There are already 12 severe flood warnings, which are issued when there is a threat to life or property, as well as more than 230 flood alerts across the country. In London, the Thames Barrier was closed to protect people and property along the river, the Environment Agency said.
Pete Fox, head of strategy at the agency, said: "We are expecting flooding along the west and south coasts of England and Wales, due to a combination of strong winds, large waves and high tides, from the early hours of Friday and into the weekend.
"Coastal paths and promenades could be highly dangerous as there is an increased risk of being swept out to sea. People are warned to stay away from the shoreline."
Bosses at energy network companies are due to face questions from MPs at some point when Parliament resumes next week.
They were criticised over the length of time it took to restore power to homes affected by storms over Christmas, while Prime Minister David Cameron was confronted by one angry resident in Yalding, Kent, during a visit to see the flood damage last week.
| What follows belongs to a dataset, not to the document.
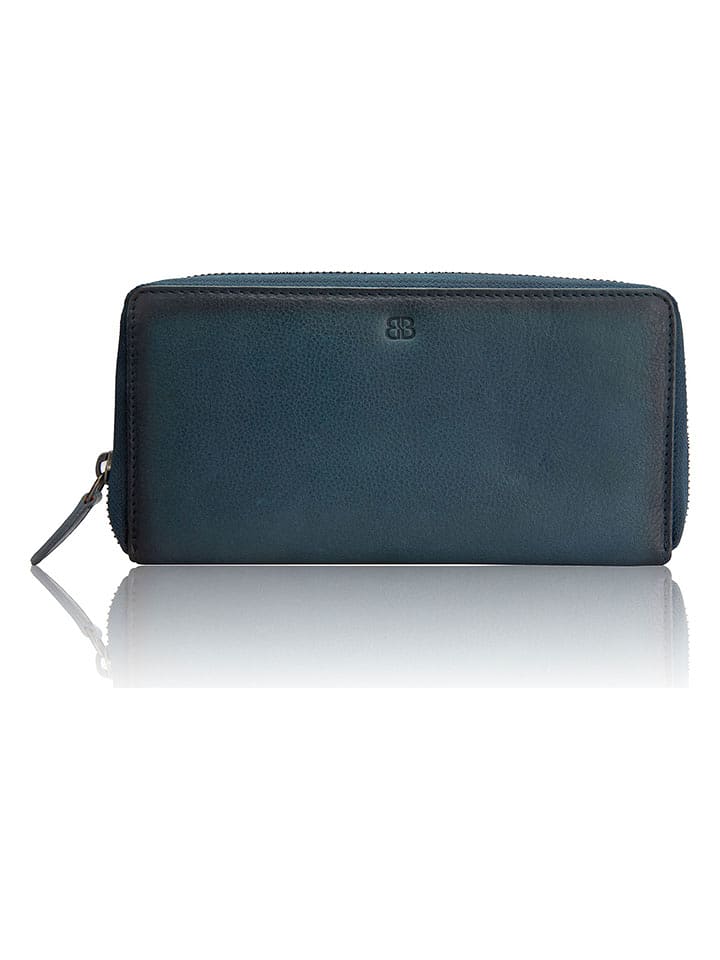 Bellicci Skórzany portfel "Kenzie" w kolorze granatowym - 20 x 10,5 x 2,5 cm rozmiar: onesize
More than 150,000 homes were cut off after strong winds, torrential rain and flooding caused damage to power networks but today Mr Paterson said he expected the power companies to do their best to prepare for the latest storm.
Speaking on Sky News following the Cobra meeting in London, he said: "We are looking to have a combination of exceptional rain, wind and a surge in sea and high tides and so there are nearly 50 warnings put out around the whole of the west coast and south coast.
"We had a range of ministers from right across Government attending the meeting, who will be working very closely with local councils, power companies, utility and transport companies, making sure that all of those organisations are absolutely prepared for the bad weather that is coming."
Communities in parts of the South East were also braced for further deluges.
There were eight flood warnings and 95 flood alerts in the region, although none of them were deemed severe, according to the Environment Agency.
With more rain due to fall tonight and tomorrow, there was a further risk of flooding in Little Venice, Yalding, Kent, which had previously suffered over Christmas.
Sandbags were being deployed in the area by Maidstone Borough Council and residents in some roads were being advised not to return to their homes until further notice.
The AA said some drivers were failing to heed flood warnings, and that it has attended 1,500 call-outs from those stranded due to floods since December 23.
Darron Burness, head of the AA's flood rescue team, said: "The last week or so has been the AA's busiest period in recent times for flood call-outs and over such a large area of the country.
"Our patrols have seen it all in that time - including people ignoring road closure signs, blindly following their sat-nav or other drivers into deep water and 4x4 drivers naively thinking their car has amphibious qualities - and time and again they hear the same excuses that the driver didn't think the floods were very deep or that their car could deal with it.
"The bottom line is that flood water can be deceptively powerful and dangerous and there will be further tragedies unless people take heed of the dangers."
The 1,500 call outs include patrols being sent to 400 vehicles stuck in flood water, while the rest were vehicles that broke down after being driven through the water.
In Sussex, police warned that winds of up to 65mph along the coast, combined with high tides and low pressure, were likely to create storm surges.
Inspector Andy Kundert, Sussex Police's emergency planning officer, said there was a potential for coastal and inland flooding around the high-tide times of lunch-time and midnight tomorrow.
He warned people who may be tempted to swim or take a paddle not to, and said "enormous amounts" of shingle had been washed away over the past few weeks, meaning the sea has been pushing further up the beaches.
People were urged to look out for their neighbours, particularly if vulnerable. Mr Kundert said: "All the emergency services, local authorities and other agencies will be working to make sure the county is as safe as possible."